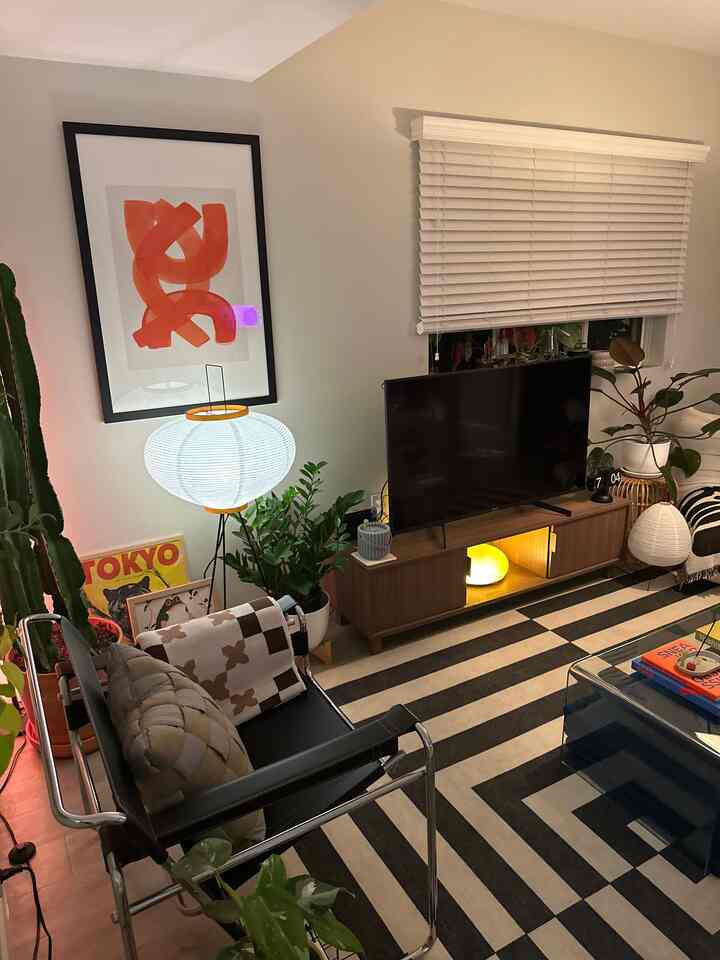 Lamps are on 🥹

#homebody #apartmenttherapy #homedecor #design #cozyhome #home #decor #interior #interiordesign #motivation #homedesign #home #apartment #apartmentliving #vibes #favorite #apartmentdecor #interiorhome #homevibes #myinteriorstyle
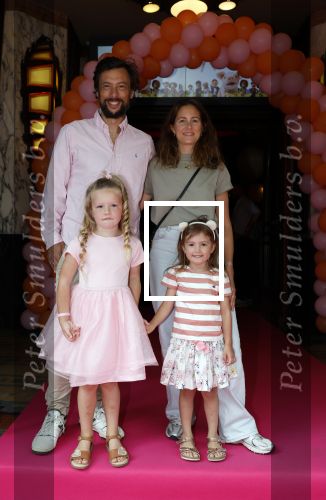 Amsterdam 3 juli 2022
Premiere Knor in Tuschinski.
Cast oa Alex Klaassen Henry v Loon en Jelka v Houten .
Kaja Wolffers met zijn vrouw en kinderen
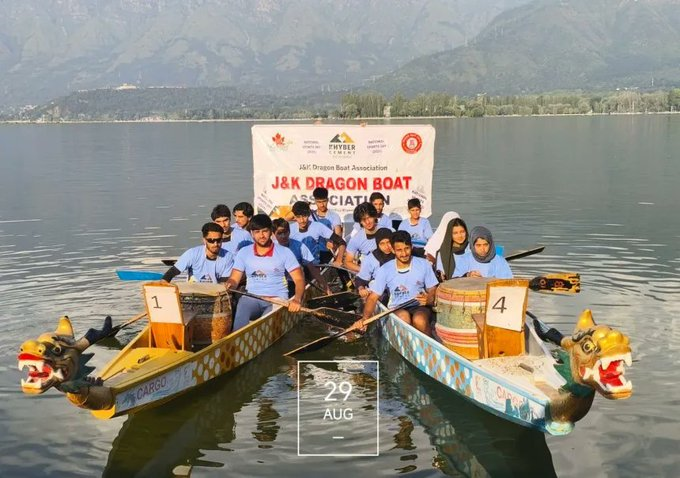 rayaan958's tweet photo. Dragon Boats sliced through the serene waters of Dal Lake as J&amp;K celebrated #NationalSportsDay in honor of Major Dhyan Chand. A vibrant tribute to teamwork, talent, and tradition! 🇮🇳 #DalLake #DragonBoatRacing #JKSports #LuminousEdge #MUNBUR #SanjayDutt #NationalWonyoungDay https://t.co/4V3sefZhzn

### [Activity]
Pictures are not part of the copy. Reproduce the lines from the one with "#homebody #apartmenttherapy #homedecor" through the end of the listing above.

### [Solved problem]
#homebody #apartmenttherapy #homedecor #design #cozyhome #home #decor #interior #interiordesign #motivation #homedesign #home #apartment #apartmentliving #vibes #favorite #apartmentdecor #interiorhome #homevibes #myinteriorstyle
 Amsterdam 3 juli 2022
Premiere Knor in Tuschinski.
Cast oa Alex Klaassen Henry v Loon en Jelka v Houten .
Kaja Wolffers met zijn vrouw en kinderen
 rayaan958's tweet photo. Dragon Boats sliced through the serene waters of Dal Lake as J&amp;K celebrated #NationalSportsDay in honor of Major Dhyan Chand. A vibrant tribute to teamwork, talent, and tradition! 🇮🇳 #DalLake #DragonBoatRacing #JKSports #LuminousEdge #MUNBUR #SanjayDutt #NationalWonyoungDay https://t.co/4V3sefZhzn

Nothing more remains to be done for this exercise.